Inflation lower than anticipated
September 5, 2023 | Posted by: Patrick Mulhern
The Canadian economy contracted in the second quarter, led by a sharp drop in construction activity, Statistics Canada reported on Friday.
Real GDP fell 0.2% in the quarter, while StatCan also revised down first-quarter growth by a full percentage point to 4.7%. Data for June showed economic growth was also down 0.2%, while flash estimates for July are pointing to flat growth.
“We are sticking to our view that Canada will experience a mild contraction, and today's surprisingly soft Q2 obviously makes that outcome much more likely,” wrote BMO chief economist Douglas Porter.
The weakness was led by a sharp drop-off in consumer spending, which was up just 0.2% annually, down from 4.7% in the first quarter.
There was also weakness in housing, with housing investment down 2.1% quarter-over-quarter, renovation activity down 4.3% and new construction plunging 8.2%. New construction activity was down in every province and territory except for Nova Scotia, Statistics Canada noted.
“These declines coincided with higher borrowing costs and lower demand for mortgage funds, as the Bank of Canada continued their monetary tightening, raising the policy interest rate to 4.75% in the second quarter,” StatCan said.
What it means for the Bank of Canada’s next rate decision
The weak growth figures have raised the odds that the Bank of Canada will move to the sidelines at its next monetary policy meeting on September 6.

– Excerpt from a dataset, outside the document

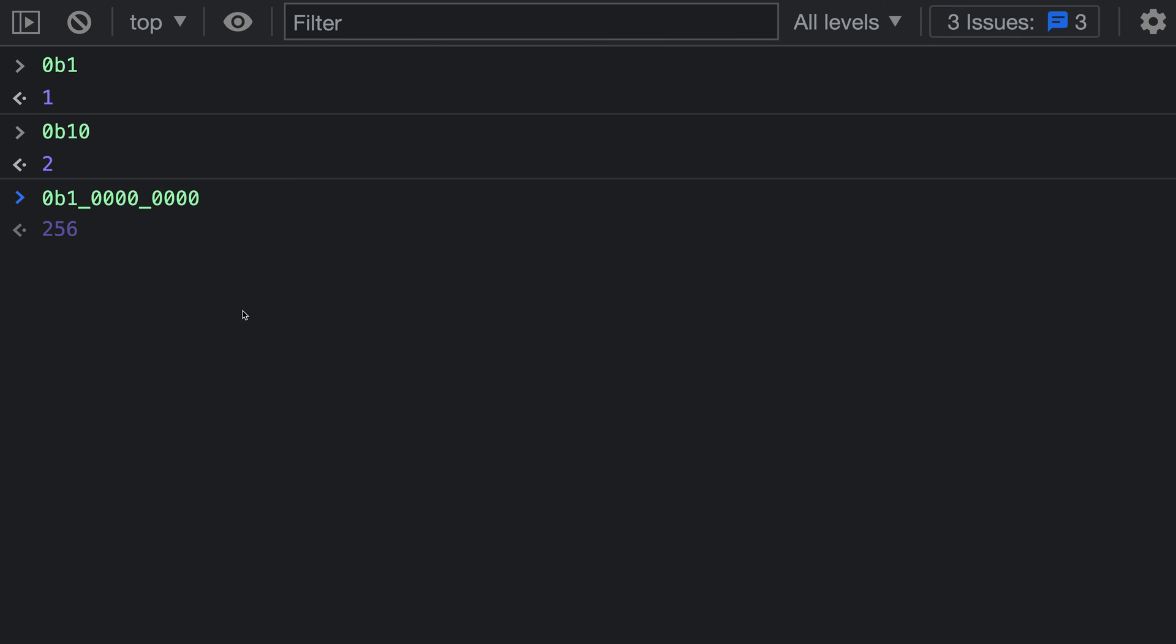You don't have to have it every four digits. You can add as many underscores as you would want. This is not going to affect the value. In this case, I'm just grouping everything by four because that's going to make it a little bit clearer what this value is actually representing.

“The broad softening in the domestic economy will almost certainly move the BoC to the sidelines at next week's rate decision after back-to-back hikes,” Porter noted. “Between the half-point rise in the unemployment rate, the marked slowing in GDP, and some cooling in core inflation, it now looks like rate hikes are over and done.”
Others say the case is also building to see the first central bank rate cuts as early as the first quarter of 2024.
“Taking the Q2 real GDP release into account along with a full suite of recent economic indicators should remove any doubt that the Bank of Canada will remain on the sidelines at next week’s meeting,” wrote Randall Bartlett, senior director of Canadian Economics at Desjardins.
“Indeed, today’s data reinforces our view that the Bank is done hiking for this cycle and its next move is likely to be a cut, possibly as early as the first quarter of 2024,” he added.